Astilbin
- Names: IUPAC name (2R,3R)-3′,4′,5,7-Tetrahydroxy-3-(α-L-rhamnopyranosyloxy)flavan-4-one

Identifiers
- CAS Number: 54141-72-9;
- 3D model (JSmol): Interactive image;
- ChEBI: CHEBI:38200;
- ChEMBL: ChEMBL486017;
- ChemSpider: 106533;
- ECHA InfoCard: 100.222.924
- KEGG: C17449;
- PubChem CID: 119258;
- UNII: KA92CW3M68;
- CompTox Dashboard (EPA): DTXSID501019948 ;

Properties
- Chemical formula: C_{21}H_{22}O_{11}
- Molar mass: 450.39 g/mol
- Appearance: brown powder

= Astilbin =

Astilbin is a flavanonol, a type of flavonoid.
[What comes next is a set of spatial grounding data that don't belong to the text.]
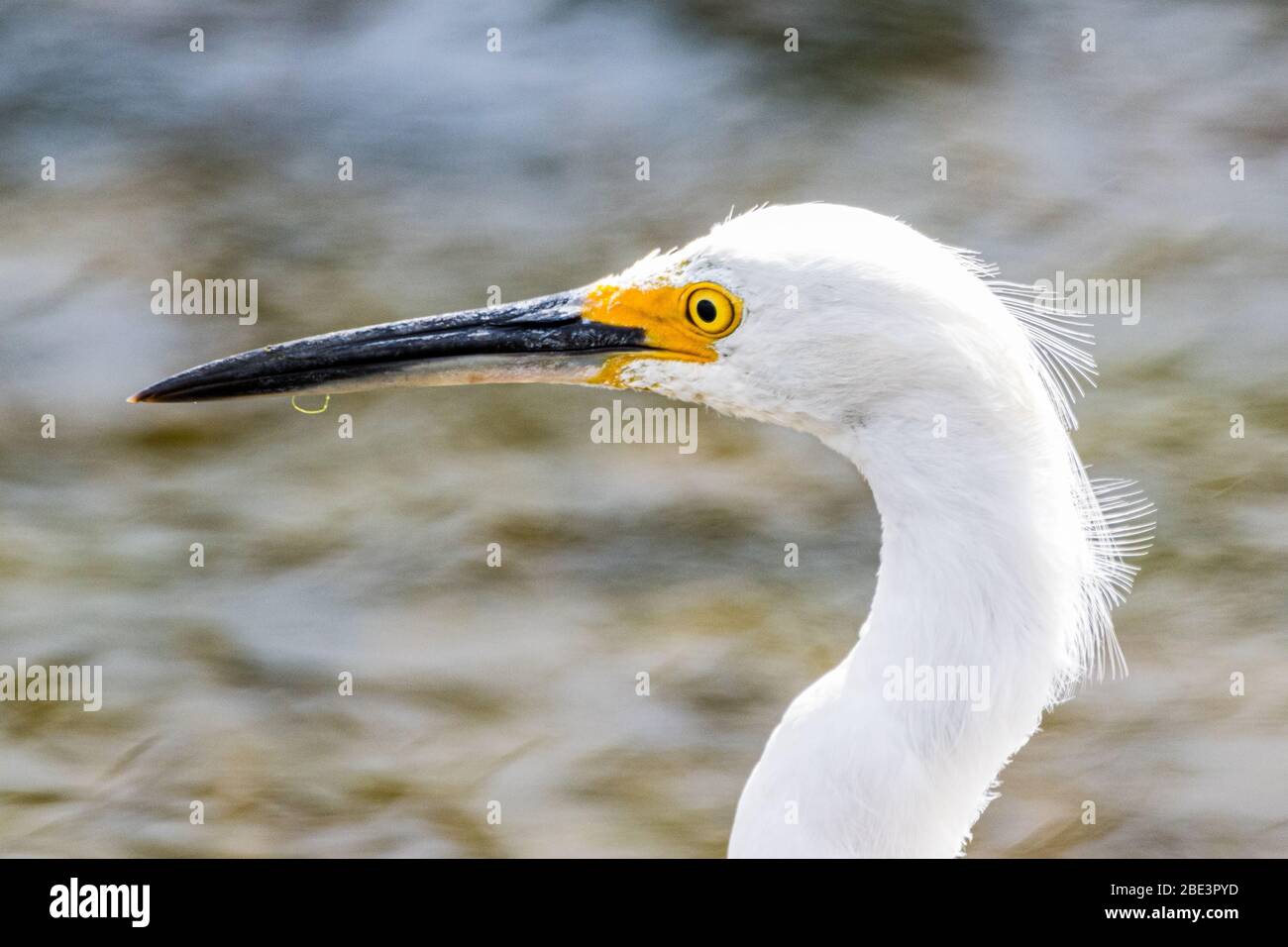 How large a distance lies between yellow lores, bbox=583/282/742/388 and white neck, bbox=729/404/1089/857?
31 centimetres

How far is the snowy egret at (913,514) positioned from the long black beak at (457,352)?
28 cm

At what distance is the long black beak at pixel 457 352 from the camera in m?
2.33

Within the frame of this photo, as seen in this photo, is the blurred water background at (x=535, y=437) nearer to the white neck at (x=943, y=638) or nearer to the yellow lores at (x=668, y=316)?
the white neck at (x=943, y=638)

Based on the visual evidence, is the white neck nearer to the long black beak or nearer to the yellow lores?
the yellow lores

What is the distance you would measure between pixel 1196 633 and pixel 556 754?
2.47m

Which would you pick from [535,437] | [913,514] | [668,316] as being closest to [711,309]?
[668,316]

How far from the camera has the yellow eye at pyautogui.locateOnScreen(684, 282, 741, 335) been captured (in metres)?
2.09

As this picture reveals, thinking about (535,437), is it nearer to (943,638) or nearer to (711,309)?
(711,309)

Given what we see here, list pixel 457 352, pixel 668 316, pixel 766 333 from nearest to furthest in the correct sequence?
pixel 766 333, pixel 668 316, pixel 457 352

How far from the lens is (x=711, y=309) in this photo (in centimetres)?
212

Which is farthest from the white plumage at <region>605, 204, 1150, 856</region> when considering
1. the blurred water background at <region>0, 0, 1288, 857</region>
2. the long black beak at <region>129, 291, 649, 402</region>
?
the blurred water background at <region>0, 0, 1288, 857</region>

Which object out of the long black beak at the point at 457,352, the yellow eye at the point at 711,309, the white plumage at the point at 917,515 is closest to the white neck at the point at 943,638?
the white plumage at the point at 917,515

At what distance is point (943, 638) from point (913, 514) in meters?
0.20

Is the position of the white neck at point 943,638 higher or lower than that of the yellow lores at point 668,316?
lower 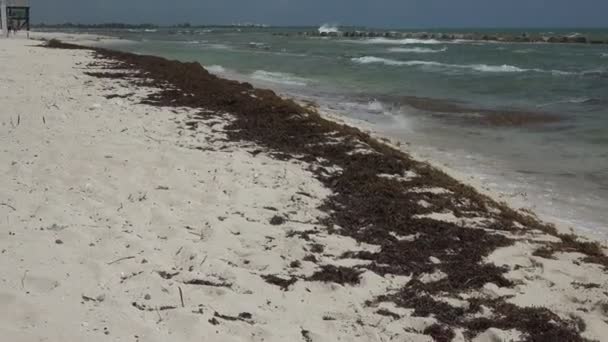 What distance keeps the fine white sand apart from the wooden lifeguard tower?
94.1 feet

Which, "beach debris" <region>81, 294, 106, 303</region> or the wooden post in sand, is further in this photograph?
the wooden post in sand

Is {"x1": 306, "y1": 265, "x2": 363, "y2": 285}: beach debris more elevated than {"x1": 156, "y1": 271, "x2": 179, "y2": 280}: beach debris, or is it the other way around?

Astilbin is the (2R-trans)-isomer; neoisoastilbin is the (2S-cis)-isomer and isoastilbin is the (2R-cis)-isomer.

== Natural occurrences ==
Astilbin can be found in St John's wort (Hypericum perforatum, Clusiaceae, subfamily Hypericoideae, formerly often considered a full family Hypericaceae), in Dimorphandra mollis (Fava d'anta, Fabaceae), in the leaves of Harungana madagascariensis (Hypericaceae), in the rhizome of Astilbe thunbergii, in the root of Astilbe odontophylla (Saxifragaceae), in the rhizome of Smilax glabra (Chinaroot, Smilacaceae) and in the bark of Hymenaea martiana.

- In food
It can be isolated from Kohki tea processed from Engelhardtia chrysolepis (huang-qui). It is also present in certain wines.

== Uses ==
Astilbin can act as an insecticide against Anticarsia gemmatalis and Spodoptera frugiperda. It shows in vitro antibacterial activity and activity on burn wound healing. Astilbin is used in traditional Chinese medicine.

== Related compounds ==
3'-O-Methylastilbin shows an immunosuppressive activity against contact dermatitis.